#### [Information]

----

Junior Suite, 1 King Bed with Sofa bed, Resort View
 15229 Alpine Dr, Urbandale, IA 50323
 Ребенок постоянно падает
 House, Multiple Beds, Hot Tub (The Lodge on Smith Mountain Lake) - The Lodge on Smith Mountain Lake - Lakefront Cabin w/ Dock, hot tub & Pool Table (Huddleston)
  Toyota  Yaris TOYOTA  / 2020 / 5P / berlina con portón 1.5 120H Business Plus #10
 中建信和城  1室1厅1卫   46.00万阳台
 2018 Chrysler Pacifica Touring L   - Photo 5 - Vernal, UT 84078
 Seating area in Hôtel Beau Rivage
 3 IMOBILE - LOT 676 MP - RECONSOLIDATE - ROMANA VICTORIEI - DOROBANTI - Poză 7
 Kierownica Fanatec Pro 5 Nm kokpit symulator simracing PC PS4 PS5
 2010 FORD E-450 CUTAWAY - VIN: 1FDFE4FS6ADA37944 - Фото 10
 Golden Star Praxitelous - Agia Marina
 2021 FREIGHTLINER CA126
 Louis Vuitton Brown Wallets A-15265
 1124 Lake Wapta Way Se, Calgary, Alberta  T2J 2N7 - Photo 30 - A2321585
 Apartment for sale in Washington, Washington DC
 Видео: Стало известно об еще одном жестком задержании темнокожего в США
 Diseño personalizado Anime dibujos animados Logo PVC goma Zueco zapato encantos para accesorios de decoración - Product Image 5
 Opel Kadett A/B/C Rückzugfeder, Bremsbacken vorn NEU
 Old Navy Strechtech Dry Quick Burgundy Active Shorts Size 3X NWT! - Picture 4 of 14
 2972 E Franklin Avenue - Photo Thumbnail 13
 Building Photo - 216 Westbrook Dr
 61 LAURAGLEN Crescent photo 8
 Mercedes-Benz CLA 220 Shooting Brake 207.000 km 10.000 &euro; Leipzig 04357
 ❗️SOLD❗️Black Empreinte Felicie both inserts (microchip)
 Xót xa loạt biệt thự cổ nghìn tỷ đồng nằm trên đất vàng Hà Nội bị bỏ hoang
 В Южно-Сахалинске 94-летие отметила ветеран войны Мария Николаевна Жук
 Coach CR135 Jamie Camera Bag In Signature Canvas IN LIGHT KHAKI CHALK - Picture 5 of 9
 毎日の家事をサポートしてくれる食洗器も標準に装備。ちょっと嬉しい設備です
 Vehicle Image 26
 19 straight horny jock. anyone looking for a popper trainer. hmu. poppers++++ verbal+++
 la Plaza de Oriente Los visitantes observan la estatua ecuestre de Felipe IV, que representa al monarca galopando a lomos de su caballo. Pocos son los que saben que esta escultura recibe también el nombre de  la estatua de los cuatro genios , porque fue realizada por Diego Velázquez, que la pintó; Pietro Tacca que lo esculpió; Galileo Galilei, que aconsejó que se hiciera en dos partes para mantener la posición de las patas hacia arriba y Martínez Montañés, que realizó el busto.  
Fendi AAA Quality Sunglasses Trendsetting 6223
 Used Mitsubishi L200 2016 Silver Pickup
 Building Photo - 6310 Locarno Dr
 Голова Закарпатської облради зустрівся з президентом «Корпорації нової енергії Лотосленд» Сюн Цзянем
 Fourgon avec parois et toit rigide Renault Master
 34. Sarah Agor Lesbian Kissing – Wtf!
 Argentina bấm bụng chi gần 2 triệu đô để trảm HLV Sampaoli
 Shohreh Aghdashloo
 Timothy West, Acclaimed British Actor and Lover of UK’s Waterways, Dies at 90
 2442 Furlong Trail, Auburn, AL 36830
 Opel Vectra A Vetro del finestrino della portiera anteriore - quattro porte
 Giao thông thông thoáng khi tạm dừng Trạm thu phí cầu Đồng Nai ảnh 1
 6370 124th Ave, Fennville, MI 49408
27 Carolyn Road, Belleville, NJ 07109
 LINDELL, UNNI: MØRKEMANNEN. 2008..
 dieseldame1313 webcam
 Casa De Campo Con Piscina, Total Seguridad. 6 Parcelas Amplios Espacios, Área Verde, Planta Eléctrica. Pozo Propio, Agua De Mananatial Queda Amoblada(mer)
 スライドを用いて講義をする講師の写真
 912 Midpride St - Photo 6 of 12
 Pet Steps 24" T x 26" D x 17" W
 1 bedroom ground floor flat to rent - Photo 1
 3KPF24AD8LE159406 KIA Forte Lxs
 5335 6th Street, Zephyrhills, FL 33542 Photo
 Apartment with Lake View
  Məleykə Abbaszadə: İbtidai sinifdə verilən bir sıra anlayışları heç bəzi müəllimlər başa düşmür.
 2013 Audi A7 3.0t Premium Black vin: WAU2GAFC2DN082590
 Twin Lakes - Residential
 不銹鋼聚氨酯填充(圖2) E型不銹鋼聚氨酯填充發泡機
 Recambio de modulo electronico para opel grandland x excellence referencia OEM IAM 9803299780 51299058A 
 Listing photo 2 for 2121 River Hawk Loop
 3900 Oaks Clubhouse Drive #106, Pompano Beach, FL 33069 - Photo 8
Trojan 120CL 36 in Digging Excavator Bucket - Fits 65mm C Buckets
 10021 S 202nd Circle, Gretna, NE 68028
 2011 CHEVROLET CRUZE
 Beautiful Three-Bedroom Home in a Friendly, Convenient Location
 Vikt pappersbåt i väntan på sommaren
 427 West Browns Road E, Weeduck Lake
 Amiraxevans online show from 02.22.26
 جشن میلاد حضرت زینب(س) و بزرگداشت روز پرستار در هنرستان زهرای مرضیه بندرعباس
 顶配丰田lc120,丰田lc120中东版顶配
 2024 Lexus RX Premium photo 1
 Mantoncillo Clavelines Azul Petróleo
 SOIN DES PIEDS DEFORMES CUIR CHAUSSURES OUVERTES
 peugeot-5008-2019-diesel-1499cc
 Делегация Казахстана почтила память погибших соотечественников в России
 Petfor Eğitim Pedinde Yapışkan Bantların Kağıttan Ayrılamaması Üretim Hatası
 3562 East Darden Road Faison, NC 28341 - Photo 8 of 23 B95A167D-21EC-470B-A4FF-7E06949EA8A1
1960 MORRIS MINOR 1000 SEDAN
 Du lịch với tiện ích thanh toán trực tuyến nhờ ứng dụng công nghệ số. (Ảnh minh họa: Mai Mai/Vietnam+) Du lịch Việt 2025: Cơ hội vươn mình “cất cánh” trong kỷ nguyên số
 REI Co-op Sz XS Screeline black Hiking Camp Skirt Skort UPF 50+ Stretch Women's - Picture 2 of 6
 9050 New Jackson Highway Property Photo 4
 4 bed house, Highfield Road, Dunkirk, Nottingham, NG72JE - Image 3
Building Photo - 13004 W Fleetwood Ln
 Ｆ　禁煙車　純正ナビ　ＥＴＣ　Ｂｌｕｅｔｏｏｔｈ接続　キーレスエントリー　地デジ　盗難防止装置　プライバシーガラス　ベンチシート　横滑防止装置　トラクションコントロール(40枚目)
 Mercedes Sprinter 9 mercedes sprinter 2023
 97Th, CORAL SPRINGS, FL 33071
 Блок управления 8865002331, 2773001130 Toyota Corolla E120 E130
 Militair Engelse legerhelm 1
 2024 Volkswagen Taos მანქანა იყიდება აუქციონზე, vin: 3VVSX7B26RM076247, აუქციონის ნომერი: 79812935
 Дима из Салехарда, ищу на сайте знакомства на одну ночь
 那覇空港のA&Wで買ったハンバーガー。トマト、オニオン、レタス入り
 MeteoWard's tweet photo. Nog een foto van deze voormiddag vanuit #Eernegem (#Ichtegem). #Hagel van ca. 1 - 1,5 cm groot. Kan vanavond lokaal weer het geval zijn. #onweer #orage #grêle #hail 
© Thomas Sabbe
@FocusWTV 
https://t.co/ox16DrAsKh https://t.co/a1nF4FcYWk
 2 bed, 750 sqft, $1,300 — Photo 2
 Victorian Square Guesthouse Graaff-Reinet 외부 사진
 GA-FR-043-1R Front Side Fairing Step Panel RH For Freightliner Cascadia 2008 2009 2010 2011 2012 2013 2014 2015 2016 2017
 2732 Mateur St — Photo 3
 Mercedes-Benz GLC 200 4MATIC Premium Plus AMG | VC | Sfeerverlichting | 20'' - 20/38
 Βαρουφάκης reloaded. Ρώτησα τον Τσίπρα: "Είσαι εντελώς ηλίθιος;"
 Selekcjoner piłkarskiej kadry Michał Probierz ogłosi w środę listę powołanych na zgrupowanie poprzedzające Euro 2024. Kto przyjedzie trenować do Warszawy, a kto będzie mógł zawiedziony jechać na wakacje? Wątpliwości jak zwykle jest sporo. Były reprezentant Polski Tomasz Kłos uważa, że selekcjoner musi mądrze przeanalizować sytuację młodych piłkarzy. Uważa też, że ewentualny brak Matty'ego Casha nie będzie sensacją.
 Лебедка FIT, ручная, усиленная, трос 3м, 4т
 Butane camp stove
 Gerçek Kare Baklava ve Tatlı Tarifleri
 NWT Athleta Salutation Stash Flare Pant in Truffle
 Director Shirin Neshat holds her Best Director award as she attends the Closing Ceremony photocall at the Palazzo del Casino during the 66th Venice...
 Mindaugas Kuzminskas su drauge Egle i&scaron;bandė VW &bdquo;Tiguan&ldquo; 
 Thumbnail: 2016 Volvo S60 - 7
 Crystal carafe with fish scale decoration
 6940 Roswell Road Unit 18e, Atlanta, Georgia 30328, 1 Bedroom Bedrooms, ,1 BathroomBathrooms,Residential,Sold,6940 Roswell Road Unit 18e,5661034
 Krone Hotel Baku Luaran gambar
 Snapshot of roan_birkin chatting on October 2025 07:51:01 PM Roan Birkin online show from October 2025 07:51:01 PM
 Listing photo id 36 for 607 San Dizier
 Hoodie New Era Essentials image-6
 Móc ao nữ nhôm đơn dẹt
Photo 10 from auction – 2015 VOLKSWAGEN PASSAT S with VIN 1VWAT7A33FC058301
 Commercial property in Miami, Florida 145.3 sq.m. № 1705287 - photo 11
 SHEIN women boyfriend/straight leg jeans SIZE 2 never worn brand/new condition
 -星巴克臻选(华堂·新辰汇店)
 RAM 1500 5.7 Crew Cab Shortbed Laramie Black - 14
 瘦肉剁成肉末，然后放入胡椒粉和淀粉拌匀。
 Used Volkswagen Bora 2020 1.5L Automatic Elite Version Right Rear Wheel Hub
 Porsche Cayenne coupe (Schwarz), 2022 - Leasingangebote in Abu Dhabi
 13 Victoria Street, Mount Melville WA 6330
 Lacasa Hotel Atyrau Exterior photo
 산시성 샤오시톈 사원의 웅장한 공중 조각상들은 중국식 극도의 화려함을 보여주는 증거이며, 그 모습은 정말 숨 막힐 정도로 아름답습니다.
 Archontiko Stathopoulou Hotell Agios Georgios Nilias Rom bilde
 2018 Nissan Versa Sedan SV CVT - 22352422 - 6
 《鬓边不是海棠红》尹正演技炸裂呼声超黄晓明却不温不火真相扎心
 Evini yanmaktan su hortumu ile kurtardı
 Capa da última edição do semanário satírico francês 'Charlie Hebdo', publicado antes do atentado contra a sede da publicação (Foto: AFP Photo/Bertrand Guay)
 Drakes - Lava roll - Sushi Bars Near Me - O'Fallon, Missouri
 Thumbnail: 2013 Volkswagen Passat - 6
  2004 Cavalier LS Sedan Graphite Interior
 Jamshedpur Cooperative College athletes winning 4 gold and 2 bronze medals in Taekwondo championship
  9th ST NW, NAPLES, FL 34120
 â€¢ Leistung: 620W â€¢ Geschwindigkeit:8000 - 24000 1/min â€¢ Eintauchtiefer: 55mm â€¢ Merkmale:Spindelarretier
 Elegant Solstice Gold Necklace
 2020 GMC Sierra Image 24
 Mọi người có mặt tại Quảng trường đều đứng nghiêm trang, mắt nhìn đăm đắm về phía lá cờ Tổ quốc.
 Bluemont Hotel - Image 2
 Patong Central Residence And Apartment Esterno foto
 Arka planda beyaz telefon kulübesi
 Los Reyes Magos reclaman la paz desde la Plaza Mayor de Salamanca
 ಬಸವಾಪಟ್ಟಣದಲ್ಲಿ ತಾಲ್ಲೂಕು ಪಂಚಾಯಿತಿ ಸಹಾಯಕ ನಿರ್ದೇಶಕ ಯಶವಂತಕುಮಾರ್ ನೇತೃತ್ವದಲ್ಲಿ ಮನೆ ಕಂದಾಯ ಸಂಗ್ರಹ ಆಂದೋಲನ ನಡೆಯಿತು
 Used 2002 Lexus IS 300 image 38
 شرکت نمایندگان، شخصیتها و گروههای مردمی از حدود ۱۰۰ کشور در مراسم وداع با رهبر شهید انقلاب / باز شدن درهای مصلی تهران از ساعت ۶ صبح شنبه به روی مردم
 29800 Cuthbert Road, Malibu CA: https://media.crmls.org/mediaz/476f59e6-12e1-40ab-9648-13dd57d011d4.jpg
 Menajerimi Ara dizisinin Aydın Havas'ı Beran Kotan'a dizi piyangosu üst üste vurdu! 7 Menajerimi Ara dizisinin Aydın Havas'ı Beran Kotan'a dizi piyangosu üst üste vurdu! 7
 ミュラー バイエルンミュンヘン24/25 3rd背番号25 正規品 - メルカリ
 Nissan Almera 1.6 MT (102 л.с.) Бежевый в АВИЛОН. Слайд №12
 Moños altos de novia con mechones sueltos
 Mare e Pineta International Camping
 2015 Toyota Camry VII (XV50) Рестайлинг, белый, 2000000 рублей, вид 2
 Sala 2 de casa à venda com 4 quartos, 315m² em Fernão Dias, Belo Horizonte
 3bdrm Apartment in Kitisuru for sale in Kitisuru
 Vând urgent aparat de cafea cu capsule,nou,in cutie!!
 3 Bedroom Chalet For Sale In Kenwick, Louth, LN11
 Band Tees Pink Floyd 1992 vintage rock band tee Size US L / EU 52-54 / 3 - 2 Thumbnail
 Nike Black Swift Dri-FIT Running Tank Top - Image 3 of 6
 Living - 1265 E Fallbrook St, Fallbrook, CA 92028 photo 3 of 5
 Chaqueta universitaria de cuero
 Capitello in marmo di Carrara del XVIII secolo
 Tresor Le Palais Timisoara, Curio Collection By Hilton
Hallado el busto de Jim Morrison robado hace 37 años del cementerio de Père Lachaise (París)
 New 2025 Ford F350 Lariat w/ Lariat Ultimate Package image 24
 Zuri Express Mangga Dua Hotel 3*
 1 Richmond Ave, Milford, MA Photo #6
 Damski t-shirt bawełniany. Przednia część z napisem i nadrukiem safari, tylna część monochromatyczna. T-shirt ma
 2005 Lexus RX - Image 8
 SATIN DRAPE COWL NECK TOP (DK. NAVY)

----

#### [Your instructions]
Search the records for the string "from" and report each line that has it.

#### [Result of this exercise]
 Amiraxevans online show from 02.22.26
 Snapshot of roan_birkin chatting on October 2025 07:51:01 PM Roan Birkin online show from October 2025 07:51:01 PM
Photo 10 from auction – 2015 VOLKSWAGEN PASSAT S with VIN 1VWAT7A33FC058301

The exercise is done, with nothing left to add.